Beijing (dpa) – The voice of Han Dongfang still reaches Chinese workers 20 years after he led an independent trade union in China’s 1989 democracy movement. But today, Han’s words as an advocate for Chinese labourers arrive over the airwaves and the internet in radio broadcasts from his home city of Hong Kong. Han, now 46, was an unwilling exile from mainland China, unlike several other leaders of the 1989 democracy movement.
Many of the 1989 student leaders have forged careers as writers, academics or entrepreneurs in the West while Han remains close to his roots in activism, two decades after his arrest following a June 3-4, 1989, government crackdown on demonstrations that had centred on Beijing’s Tiananmen Square.

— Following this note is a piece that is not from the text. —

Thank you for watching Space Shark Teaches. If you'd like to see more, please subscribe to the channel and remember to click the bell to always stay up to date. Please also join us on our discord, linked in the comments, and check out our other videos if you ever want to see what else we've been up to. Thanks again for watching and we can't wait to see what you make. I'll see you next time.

Unlike some overseas-based Chinese democracy activists who claimed that only political stagnation has accompanied China’s rapid economic growth of the past 20 years, Han saw progress on both fronts after the government crushed the protests that had called for democracy and other political and social rights …
… The development of collective bargaining and the right to strike are the two key issues for workers in China, Han said. Although workers have no legal right to strike, there are strikes ‘almost every day’ in the southern manufacturing province of Guangdong, which borders Hong Kong, he said. The greater tolerance of the government toward technically illegal industrial action is another small sign of progress, Han said.

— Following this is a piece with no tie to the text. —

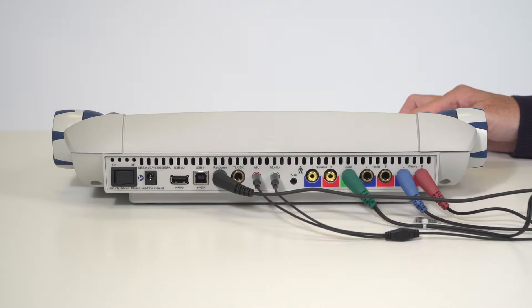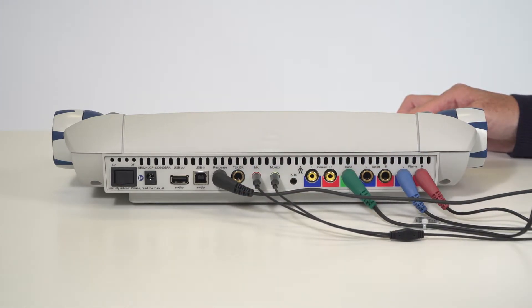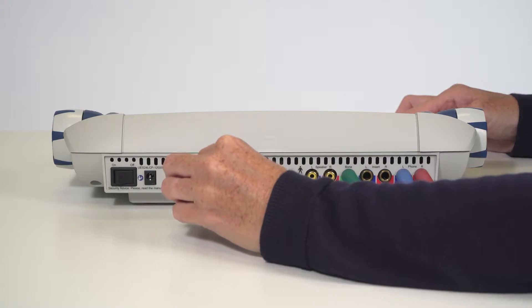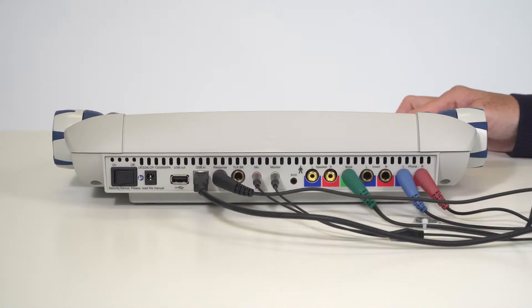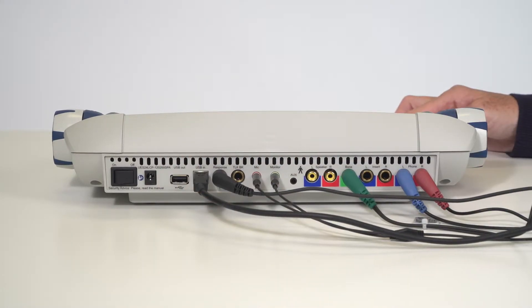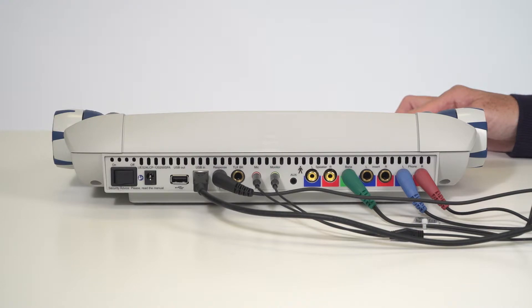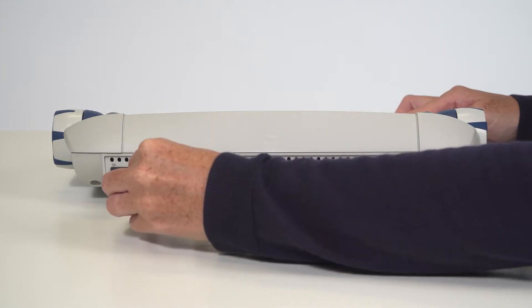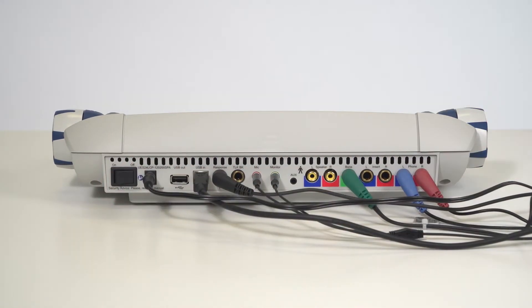If you choose to use the unit with Mako Sessions, plug in the standard USB cord into the USB-in socket and the other end into a standard USB port on your computer. The power cord is plugged into the power socket. Your MA42 audiometer is now ready to use.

Some striking workers are fired by their employers but few are arrested by local police any more, he said. ‘In the next five years, the most important step for defending Chinese workers rights is to establish institutions for collective bargaining in enterprises,’ he said. ‘Workers’ negotiations are not to challenge the government, not political.
‘On the contrary, through collective negotiations, labour disputes will be reduced,’ Han said, adding that giving more rights to workers could help the Communist Party to achieve its goal of a ‘harmonious society.’
Yet Han is less optimistic about the 700 million Chinese who still depend largely on farming.
‘No matter if it’s from the angle of history or the present reality, the issue of Chinese farmers may be more critical than the workers issue,’ he said.
‘The farmers were exploited and oppressed, and then they resisted,’ he said. ‘They sacrificed their lives and created a new despot, … always such a repetition.’
‘Now in reality, the farmers still face the repetition of history,’ Han said. ‘The farmers’ land is being taken away by corrupt local officials.’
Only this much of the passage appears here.